Saturday, April 16, 2011

Water Resources and City Economics

The growing risk of water shortages in the Verde Valley and throughout the state of Arizona will have a direct effect on the bond ratings of the cities involved, says an opinion piece in the October 20, 2010, New York Times

Snowmelt is regional  and usually doesn't reach the broader environment
While lowered bond ratings are not currently a problem for many communities in this area, it likely could be in the future.

Part of this liability is due to local squabbling for this resource, commonly referred to as “water wars”, and the attendant legal costs that drain municipal budgets.

“Municipal bonds are bought and sold on the basis of their credit ratings,” the NY Times article reminds us, “yet today these ratings take little account of utilities’ vulnerability to increased water competition.”

Pursuing a cautious perspective against future water costs, the city of Cottonwood bought several water companies in surrounding areas and shortly thereafter raised the rates.  In an editorial of August 22, 2010, the Verde Independent characterized this buying as a “spending spree” and suggested the city follow the advice of its financial director, Rudy Rodriguez, to go on a PR offensive “so people understand why the attendant rate hike is necessary and important.”

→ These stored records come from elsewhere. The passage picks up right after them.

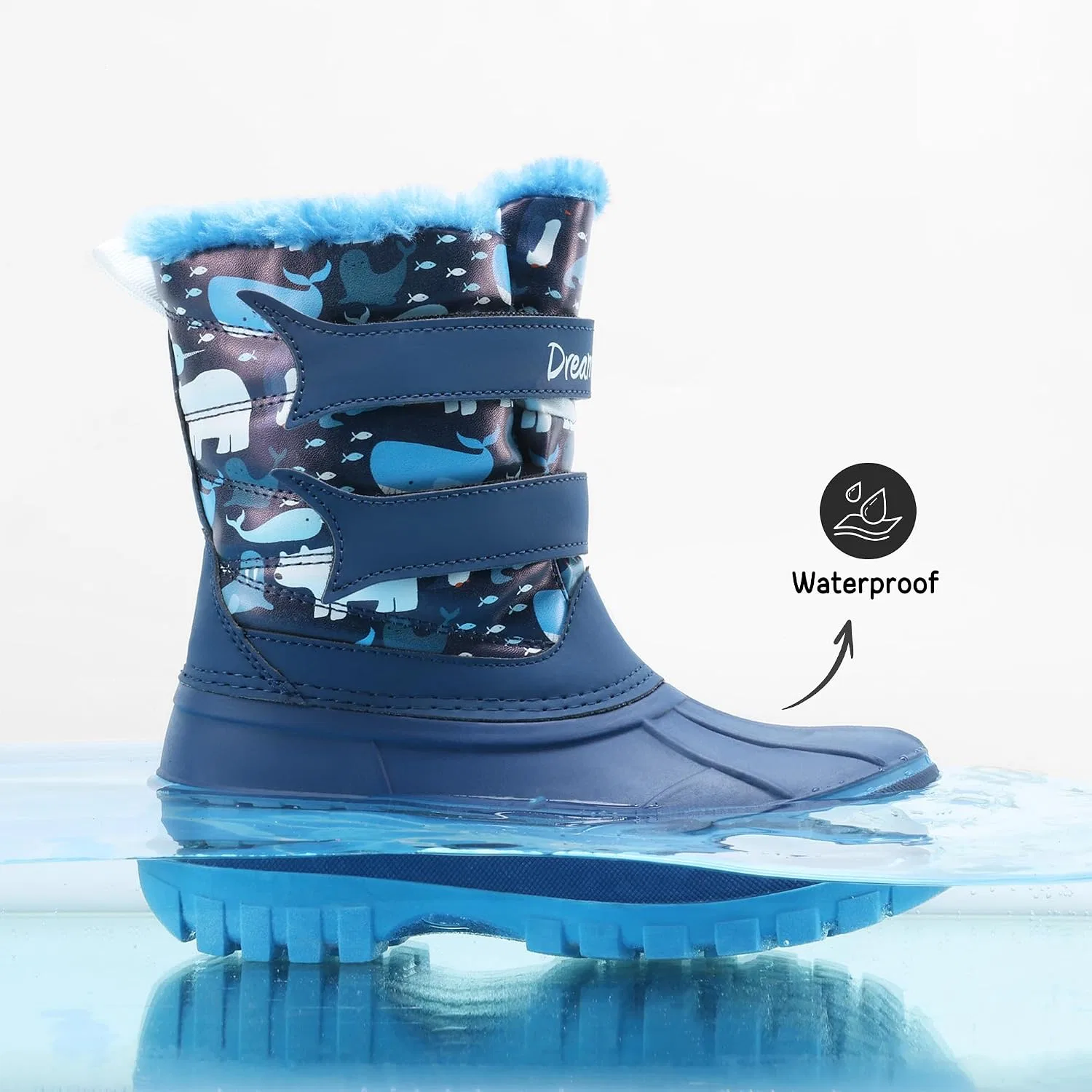Детские зимние водонепроницаемые снежные ботинки DREAM PAIRS, Blue/Navy — фото 2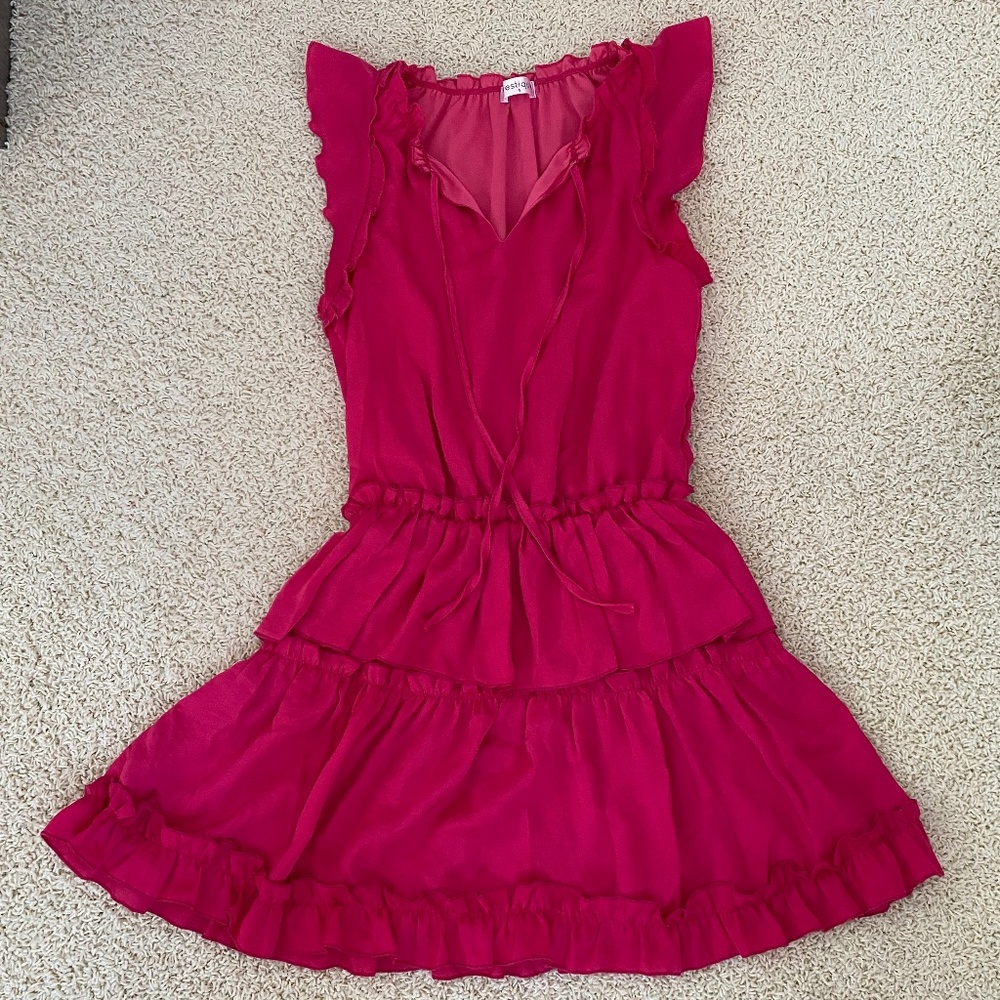 Vestique Pink Ruffle Mini Dress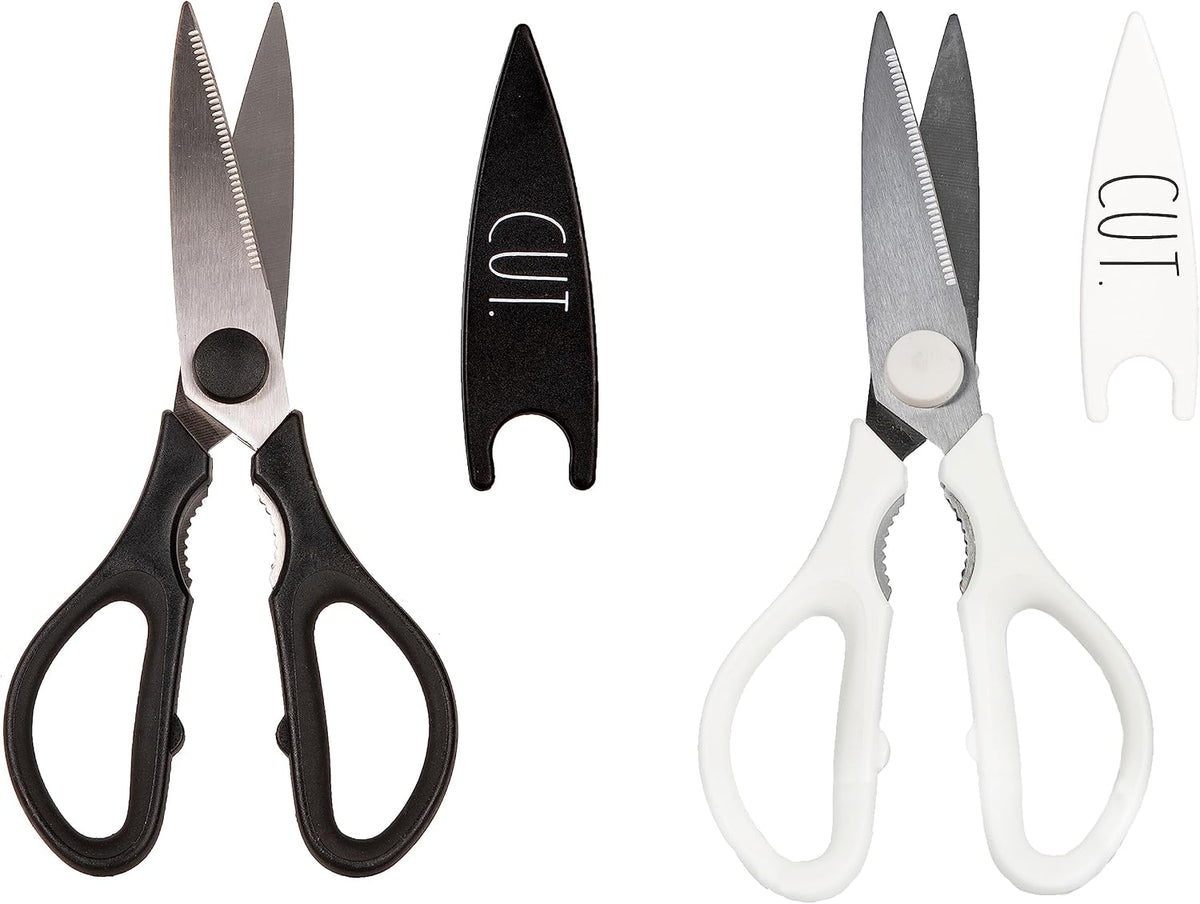 Kitchen Scissors- Stainless Steel Kitchen Shears, Cooking Scissors for Cutting Meat, Chicken, Herbs and Produce with Blade Cover and Soft Grip Handles (Blue)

The Verde Independent is correct that the city should communicate its intentions to its residents.  It's just good politics to tell taxpayers how the city is spending its/their money...and why. 

Rates, by the way, were decreased at the lowest use levels but, none-the-less, raised at higher levels.
There was a river but vegetation didn't know it.
It seems reasonable to give breaks to “minimal” users and raise rates for large users.  In other words, conservative water users will be charged the same or less than before the rate increase and “excessive” users would be charged at increased rates.

What is essential is that people realize we are living in the desert where water is scarce and finding a path to sustainable use can be complex. . .water is a limited commodity and should be expensive. 

Cottonwood officials realized that water use will be governed by our wallets and it was a far-sighted city administration that intelligently planned for the city’s future.

Of course, the saga of Cottonwood-water has a negative side.  According to a local resident the city is again planning to alter its rates upward because decreased water use has put a dent in anticipated revenue.  
Cliffs, Mesas, Water.

But, the Arizona Republic has another take.  In an April 15, 2011 article focusing on Phoenix, the newspaper wrote, "Residents Should Know Who Is Behind Water-Rate Hikes".  The paper claims the projected increase is due to the State of Arizona withdrawing $7 million in funding from the Arizona Dept. of Water Resources and shifting the burden to cities. The AR pins blame on Gov. Jan Brewer.

In either case the Arizona Republic echoes the Verde Independent in calling for better communication between city administrations and their residents. 

The likelihood is residents won’t like what they hear.  Water is going to be expensive…very expensive. . .and it should be because water in the desert is a scarce commodity.